Although convenient and reliable, a hibernating operating system can be exposed to some serious security flaws, especially if you are using software encryption applications like Bitlocker or TrueCrypt to secure private data stored on your local hard drive.
As stated previously, prior to entering hibernation mode the computer’s saved state information is written to a “hiberfil.sys” file and stored on your hard drive’s root directory. This “hiberfil.sys” file is basically a snapshot of your system’s RAM. If your encryption software is running when your system is put into Hibernation your encrypted data could be at risk.

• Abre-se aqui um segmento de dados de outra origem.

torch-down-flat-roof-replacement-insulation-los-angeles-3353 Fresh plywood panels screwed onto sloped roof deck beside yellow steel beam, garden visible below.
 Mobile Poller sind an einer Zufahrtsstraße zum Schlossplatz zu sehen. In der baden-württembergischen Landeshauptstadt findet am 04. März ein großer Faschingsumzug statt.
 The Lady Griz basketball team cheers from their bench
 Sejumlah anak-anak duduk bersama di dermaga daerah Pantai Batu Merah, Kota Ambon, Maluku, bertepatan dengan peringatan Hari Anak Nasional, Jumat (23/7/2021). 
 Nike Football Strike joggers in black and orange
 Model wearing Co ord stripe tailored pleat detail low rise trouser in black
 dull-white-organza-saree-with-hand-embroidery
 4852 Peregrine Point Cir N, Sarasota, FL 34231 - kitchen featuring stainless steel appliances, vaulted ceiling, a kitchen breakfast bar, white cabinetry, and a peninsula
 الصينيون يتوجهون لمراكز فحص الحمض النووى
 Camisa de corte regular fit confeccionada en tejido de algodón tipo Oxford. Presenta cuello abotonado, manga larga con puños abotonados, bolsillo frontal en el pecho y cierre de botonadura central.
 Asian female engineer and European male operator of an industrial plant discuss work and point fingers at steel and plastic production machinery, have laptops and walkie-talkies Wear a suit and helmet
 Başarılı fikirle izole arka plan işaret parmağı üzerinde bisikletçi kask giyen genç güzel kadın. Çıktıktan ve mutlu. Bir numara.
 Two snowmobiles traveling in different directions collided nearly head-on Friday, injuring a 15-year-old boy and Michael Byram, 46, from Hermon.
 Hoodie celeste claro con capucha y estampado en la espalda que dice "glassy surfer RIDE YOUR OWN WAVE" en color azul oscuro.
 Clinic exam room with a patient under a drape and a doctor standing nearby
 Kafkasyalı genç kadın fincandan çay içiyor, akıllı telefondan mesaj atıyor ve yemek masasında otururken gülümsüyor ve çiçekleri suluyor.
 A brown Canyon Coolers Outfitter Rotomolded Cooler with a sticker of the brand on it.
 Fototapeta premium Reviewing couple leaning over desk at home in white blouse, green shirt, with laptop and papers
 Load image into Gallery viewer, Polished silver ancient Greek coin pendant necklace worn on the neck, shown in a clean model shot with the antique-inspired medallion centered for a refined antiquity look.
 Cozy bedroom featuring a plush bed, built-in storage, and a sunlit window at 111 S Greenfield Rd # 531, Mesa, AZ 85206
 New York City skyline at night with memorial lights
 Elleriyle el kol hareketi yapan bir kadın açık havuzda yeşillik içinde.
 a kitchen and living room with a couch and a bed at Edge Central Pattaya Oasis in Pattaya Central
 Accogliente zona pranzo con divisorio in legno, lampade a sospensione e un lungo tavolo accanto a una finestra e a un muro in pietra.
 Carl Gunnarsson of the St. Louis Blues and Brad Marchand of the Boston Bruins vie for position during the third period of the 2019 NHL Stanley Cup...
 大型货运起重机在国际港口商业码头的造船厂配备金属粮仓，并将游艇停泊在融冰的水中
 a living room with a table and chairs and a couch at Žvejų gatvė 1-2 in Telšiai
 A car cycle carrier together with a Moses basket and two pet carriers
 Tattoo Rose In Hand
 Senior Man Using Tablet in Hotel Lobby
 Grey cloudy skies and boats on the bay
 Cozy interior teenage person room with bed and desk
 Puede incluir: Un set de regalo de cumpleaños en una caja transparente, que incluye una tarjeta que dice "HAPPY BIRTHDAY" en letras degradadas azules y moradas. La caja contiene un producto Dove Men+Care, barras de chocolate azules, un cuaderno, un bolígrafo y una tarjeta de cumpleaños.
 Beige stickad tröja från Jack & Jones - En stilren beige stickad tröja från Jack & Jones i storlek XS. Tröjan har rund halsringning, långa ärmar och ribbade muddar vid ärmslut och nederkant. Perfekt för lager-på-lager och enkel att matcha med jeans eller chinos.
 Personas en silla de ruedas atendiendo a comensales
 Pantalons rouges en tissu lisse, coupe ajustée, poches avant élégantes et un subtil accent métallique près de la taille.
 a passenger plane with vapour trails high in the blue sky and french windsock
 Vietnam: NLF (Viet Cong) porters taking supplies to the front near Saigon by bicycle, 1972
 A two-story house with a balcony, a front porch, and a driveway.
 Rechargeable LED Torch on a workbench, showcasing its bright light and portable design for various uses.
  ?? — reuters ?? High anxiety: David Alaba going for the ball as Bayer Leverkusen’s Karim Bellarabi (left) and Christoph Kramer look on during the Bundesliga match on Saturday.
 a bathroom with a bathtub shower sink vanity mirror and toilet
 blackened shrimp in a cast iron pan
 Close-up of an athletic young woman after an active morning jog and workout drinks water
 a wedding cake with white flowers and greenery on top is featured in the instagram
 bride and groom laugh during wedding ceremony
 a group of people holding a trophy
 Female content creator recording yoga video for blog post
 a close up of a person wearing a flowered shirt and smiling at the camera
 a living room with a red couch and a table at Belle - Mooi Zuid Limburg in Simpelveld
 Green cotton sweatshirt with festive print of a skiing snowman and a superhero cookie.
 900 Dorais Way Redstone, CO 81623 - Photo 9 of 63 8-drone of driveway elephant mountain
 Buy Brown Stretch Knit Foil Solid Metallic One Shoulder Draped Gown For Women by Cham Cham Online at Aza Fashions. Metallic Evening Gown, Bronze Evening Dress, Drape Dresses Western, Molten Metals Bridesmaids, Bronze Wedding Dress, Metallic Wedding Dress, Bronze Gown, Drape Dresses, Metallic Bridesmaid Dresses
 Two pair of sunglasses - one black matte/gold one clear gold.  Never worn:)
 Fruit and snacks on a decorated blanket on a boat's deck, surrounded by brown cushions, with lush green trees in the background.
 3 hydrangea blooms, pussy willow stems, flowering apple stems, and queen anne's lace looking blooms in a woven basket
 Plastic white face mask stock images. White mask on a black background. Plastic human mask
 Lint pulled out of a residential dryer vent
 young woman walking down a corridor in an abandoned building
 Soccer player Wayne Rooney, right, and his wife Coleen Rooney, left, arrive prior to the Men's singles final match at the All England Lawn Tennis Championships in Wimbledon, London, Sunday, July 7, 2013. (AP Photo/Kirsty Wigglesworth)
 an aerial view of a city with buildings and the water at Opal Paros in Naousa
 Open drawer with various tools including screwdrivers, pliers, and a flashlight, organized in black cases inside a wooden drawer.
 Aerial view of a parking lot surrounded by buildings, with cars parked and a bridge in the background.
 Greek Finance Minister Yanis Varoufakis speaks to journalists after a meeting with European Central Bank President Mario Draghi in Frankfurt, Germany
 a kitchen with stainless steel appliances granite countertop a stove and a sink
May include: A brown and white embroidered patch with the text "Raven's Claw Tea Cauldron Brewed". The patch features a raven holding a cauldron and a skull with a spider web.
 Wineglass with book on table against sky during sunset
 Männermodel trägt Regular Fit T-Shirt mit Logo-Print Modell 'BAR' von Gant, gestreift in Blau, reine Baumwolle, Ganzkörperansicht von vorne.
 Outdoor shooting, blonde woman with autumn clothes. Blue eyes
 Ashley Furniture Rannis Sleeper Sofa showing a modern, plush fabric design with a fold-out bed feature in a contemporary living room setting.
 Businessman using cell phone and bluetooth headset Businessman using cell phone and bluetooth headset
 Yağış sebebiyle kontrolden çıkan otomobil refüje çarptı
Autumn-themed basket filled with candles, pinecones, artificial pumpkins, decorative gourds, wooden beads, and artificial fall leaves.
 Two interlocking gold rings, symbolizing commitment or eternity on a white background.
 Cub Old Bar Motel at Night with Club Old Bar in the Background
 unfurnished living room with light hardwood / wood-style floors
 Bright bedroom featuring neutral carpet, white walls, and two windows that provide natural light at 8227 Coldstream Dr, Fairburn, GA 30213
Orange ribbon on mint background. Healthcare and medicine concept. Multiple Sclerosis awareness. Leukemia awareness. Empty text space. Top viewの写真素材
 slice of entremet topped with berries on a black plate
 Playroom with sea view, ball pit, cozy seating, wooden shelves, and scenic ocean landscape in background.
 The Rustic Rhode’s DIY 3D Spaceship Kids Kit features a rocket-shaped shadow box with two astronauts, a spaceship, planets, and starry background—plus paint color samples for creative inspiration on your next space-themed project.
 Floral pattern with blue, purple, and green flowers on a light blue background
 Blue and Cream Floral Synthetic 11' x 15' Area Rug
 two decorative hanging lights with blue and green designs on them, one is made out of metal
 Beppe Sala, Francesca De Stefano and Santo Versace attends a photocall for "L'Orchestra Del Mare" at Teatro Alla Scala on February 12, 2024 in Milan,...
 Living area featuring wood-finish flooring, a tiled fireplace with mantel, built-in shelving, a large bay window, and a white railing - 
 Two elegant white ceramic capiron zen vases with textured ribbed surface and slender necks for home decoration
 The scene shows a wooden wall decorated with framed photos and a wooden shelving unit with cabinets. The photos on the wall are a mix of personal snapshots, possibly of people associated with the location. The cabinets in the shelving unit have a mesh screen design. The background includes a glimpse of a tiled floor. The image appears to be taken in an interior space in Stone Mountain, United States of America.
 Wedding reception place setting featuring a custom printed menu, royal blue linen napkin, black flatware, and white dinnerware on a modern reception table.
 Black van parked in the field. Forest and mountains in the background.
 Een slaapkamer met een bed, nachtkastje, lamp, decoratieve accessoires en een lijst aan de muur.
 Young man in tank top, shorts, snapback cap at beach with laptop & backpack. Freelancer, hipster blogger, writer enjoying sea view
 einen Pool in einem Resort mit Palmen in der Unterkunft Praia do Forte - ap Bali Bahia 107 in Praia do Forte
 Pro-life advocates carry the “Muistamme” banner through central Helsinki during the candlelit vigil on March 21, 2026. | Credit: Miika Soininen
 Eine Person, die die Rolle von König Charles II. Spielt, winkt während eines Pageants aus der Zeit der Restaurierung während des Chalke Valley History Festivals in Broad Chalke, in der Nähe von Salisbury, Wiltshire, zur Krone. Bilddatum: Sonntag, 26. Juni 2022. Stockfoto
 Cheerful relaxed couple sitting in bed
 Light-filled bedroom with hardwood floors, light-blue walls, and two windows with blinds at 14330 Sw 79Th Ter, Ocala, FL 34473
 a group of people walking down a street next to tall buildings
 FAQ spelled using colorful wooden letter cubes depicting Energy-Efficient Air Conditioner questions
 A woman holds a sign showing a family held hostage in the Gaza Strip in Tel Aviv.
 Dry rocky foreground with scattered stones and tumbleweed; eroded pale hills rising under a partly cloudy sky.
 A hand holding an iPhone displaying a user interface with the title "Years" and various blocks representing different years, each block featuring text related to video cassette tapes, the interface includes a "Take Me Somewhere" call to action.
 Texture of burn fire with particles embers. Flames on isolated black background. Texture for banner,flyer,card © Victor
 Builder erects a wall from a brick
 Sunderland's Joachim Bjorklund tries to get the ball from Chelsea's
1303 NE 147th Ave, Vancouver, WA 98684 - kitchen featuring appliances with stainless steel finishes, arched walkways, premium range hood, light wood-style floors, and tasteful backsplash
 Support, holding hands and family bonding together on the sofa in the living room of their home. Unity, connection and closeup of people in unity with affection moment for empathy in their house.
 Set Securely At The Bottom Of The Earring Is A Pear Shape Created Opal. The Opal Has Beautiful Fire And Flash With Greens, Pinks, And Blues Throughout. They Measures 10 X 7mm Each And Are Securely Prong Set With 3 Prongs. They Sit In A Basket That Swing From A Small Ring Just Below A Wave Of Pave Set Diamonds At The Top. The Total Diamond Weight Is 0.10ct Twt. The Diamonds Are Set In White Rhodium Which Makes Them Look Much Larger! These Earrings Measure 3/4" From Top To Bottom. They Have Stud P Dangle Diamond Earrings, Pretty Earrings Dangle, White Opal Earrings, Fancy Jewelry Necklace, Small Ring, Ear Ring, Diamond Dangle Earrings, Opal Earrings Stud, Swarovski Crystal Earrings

From the article “Windows Hibernation and hiberfil.sys” published on the nti-Forensics website:
The Windows hiberfil.sys can also be an issue when using encryption software… …If a Windows system is placed into hibernation mode without unmounting encrypted containers or volumes then the encryption keys used to access these containers could be left in RAM in plain-text. RAM will then be saved to the hard drive in the hiberfil.sys. This means that you will be leaving the keys (passwords) to all of your private containers and volumes free for the finding.
So if your encrypted volume was left mounted when you put your computer into hibernation mode, the entire contents of your encrypted partition could be exposed if your hard drive is compromised and the attacker is able to extract the encryption keys from the “hiberfil.sys” file.